If you’re taking the paper version of the ASVAB, you can always skip the tough questions and come back to them after you’ve finished the easier ones. If you’re taking the computerized version of the ASVAB, the software won’t let you skip questions, so you need to make your guess right then and there.

If you’re taking the paper version of the test and elect to skip questions until later, make sure you mark the next answer in the correct space on the answer sheet. Otherwise, you may wind up wearing out the eraser on your pencil when you discover your error at the end of the test. Or even worse, you may not notice the error and wind up getting several answers wrong because you mismarked your answer sheet.

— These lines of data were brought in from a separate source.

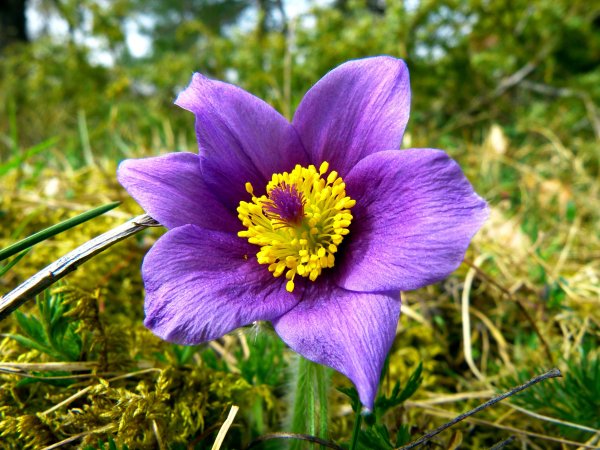 Прострел горный Pulsatilla Montana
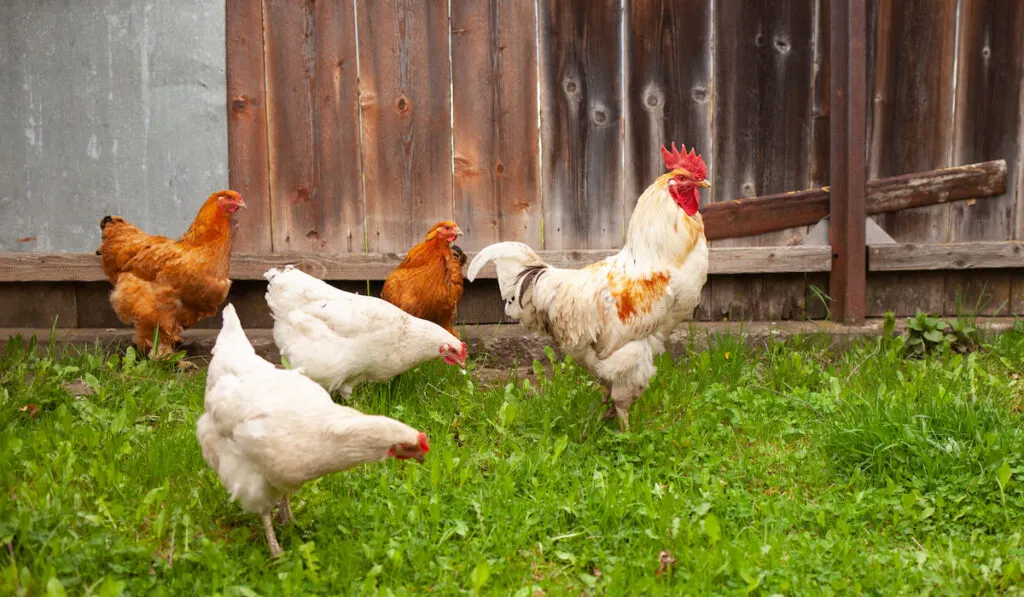 rooster and hens in the garden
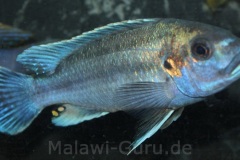 Melanochromis-lepidiadaptes-9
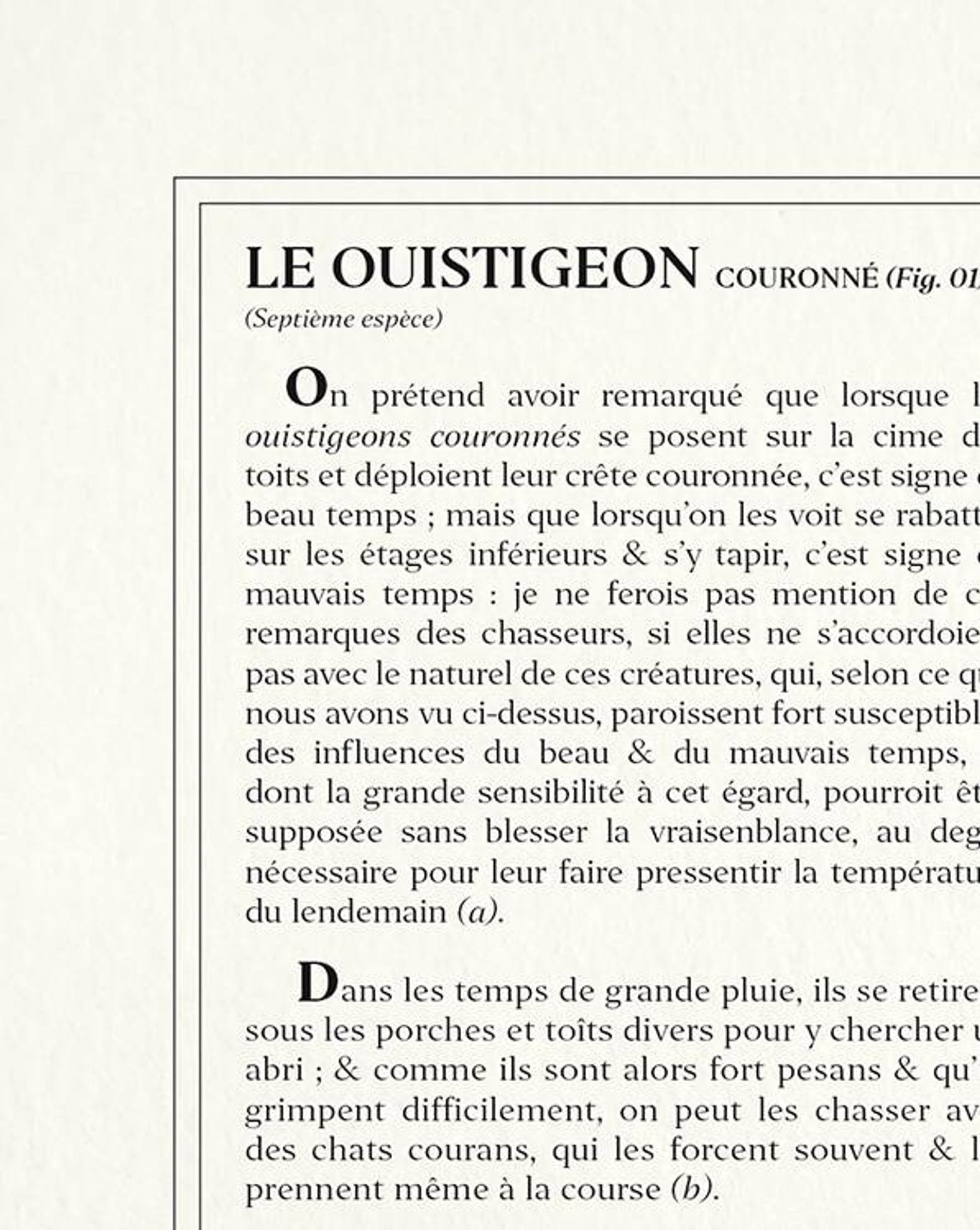 Chimère lithographie gravure animal - le ouistigeon
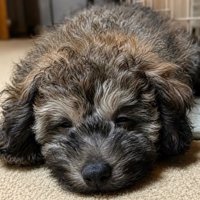 眠る大地くん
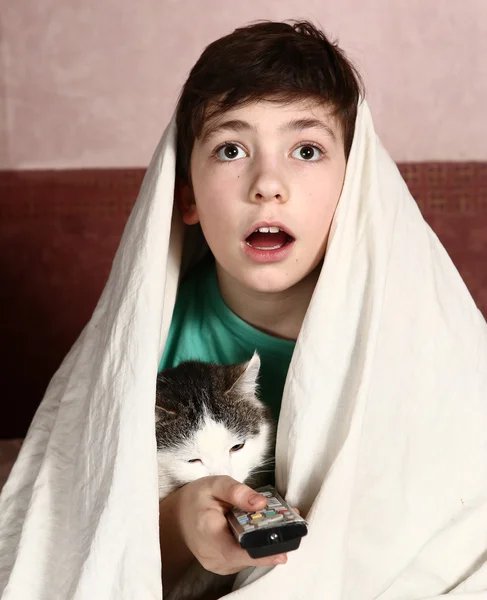 Boy with cat  watch horror movie — Stock Fotó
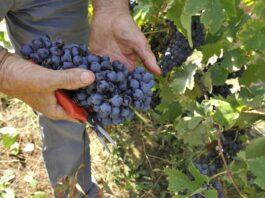 “Vendemmia al via subito dopo Ferragosto”
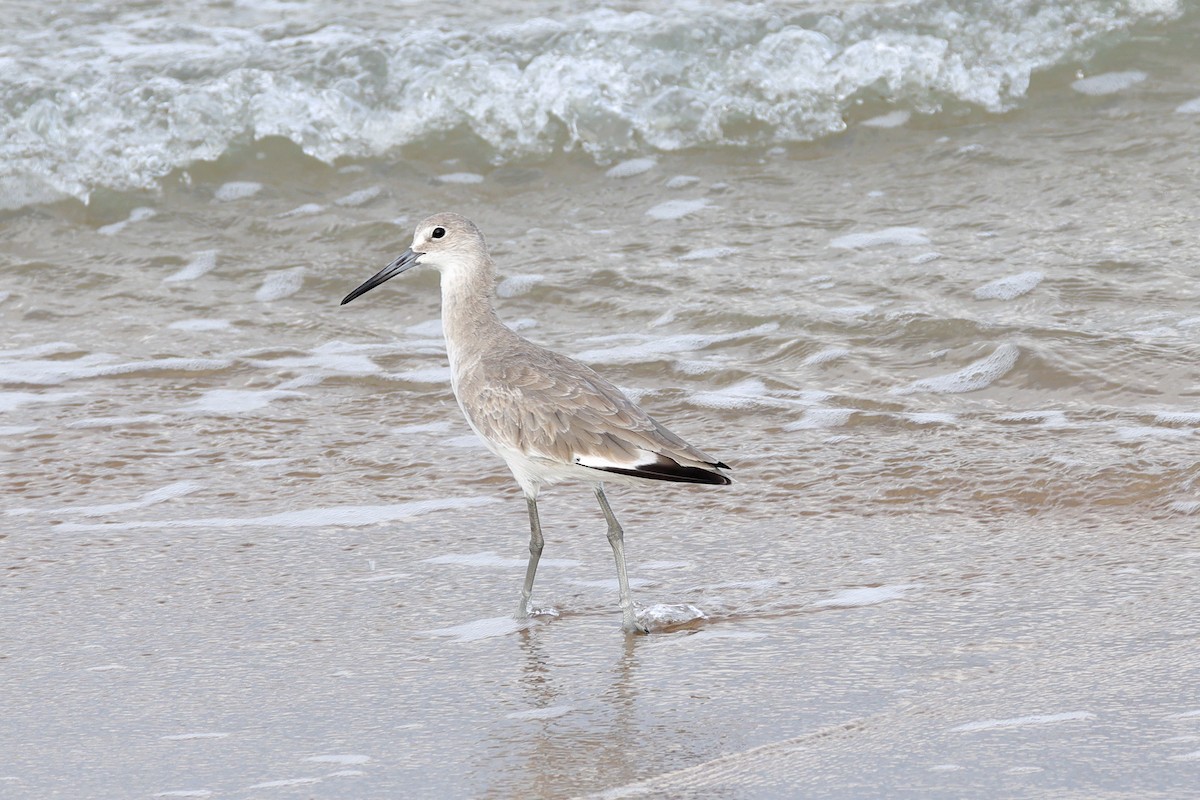 Willet - ML642846334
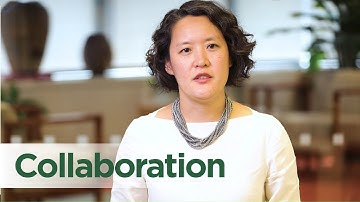 Collaboration: 7 insights on working across divides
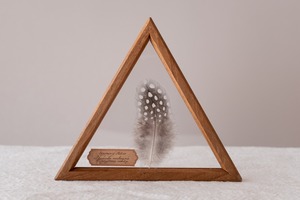 空中標本 大 -ホロホロチョウの羽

Using the process of elimination

Guessing doesn’t always mean “pick an answer, any answer.” You can increase your chances of picking the right answer by eliminating answers that can’t be right. To eliminate some obvious wrong answers, you can do the following:

  • Make sure the answer is realistic in relation to the question asked. For example, if a question asks you how much water would be required to fill a child’s wading pool, 17,000 gallons isn’t a realistic answer. You can save time by eliminating this potential answer choice immediately.

  • Pay attention to units of measurement. If a question asks how many feet of rope you’ll need, answer choices listed in inches or cubic feet are probably incorrect.

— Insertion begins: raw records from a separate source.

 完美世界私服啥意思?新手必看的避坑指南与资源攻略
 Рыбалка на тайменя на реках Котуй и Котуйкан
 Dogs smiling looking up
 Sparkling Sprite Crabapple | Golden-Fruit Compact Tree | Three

  • Consider easier answer choices first. Remember, you’re not allowed to use a calculator on the ASVAB, so math answers that you’d arrive at by using complicated formulas are probably not correct.

Solving what you can and guessing the rest

Sometimes you may know how to solve part of a problem but not all of it. If you don’t know how to do all the calculations — or don’t have time for them — don’t give up. You can still narrow down your choices by doing what you can. Here’s how partially solving problems can help:

  • When adding mixed numbers (a whole number and a fraction), add the whole-number parts first; then immediately eliminate answer choices that are too low. Or when adding lengths, add full feet first and cross off choices that are too small, even before considering the inches.

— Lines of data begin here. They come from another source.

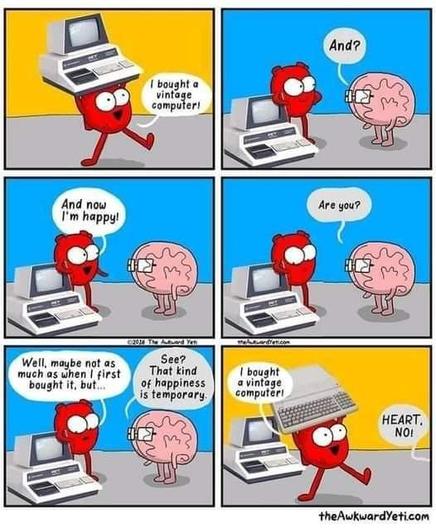 Webcomic about buying vintage computers.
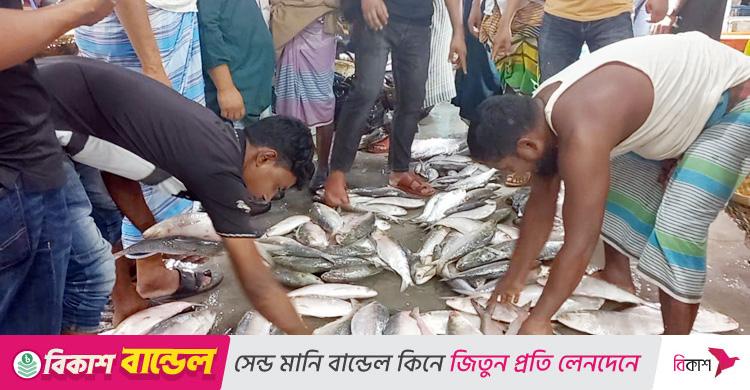 চাঁদপুরে কেজিতে ২০০ টাকা পর্যন্ত বেড়েছে ইলিশের দাম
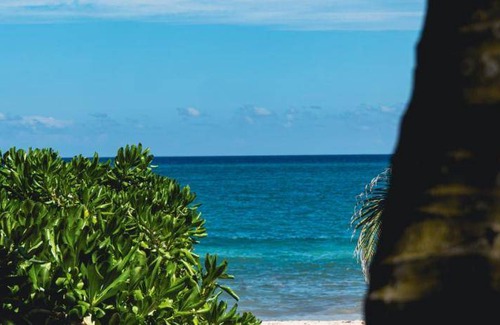 Playa Paraiso Bed & Breakfast | 17 m² Bed and breakfast ∙ 3 guests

  • Multiply just the last digits and cross off all answers that don’t end in the right numbers (assuming the answers aren’t rounded).

Making use of the answer choices

If you’re stuck on a particular problem, sometimes plugging possible answers into an equation can help you find the right answer. Here’s how using the answer choices can improve your guessing:

  • Plug in each remaining answer choice until you get the right answer. Plugging in all the answer choices is time-consuming, so make sure you eliminate obviously wrong choices first.

  • Estimate and plug in numbers that involve easy mental calculations. For instance, if Choice (A) is 9 and Choice (B) is 12, plug in 10 and solve the equation in your head. Think about whether the right answer has to be higher or lower than 10, and choose from there.

  • Using a little logic, do calculations with an obviously wrong answer choice. Sometimes a wrong answer choice — especially one that differs drastically from the other answers — represents an intermediate step in the calculations, so you can use it to solve the problem. For instance, take this example:

A security guard walks the equivalent of six city blocks when he makes a circuit around the building. If he walks at a pace of eight city blocks every 30 minutes, how long will it take him to complete a circuit around the building, assuming he doesn’t run into any thieves?

  • (A) 20.00 minutes

  • (B) 3.75 minutes

  • (C) 22.50 minutes

  • (D) 24.00 minutes

Choice (B) is obviously way too low to be the right answer, but it would be a logical guess for the security guard’s rate for a single lap. Multiply 3.75 minutes/block by 6 blocks, and you probably have a good candidate for the right answer — 22.50 minutes, Choice (C).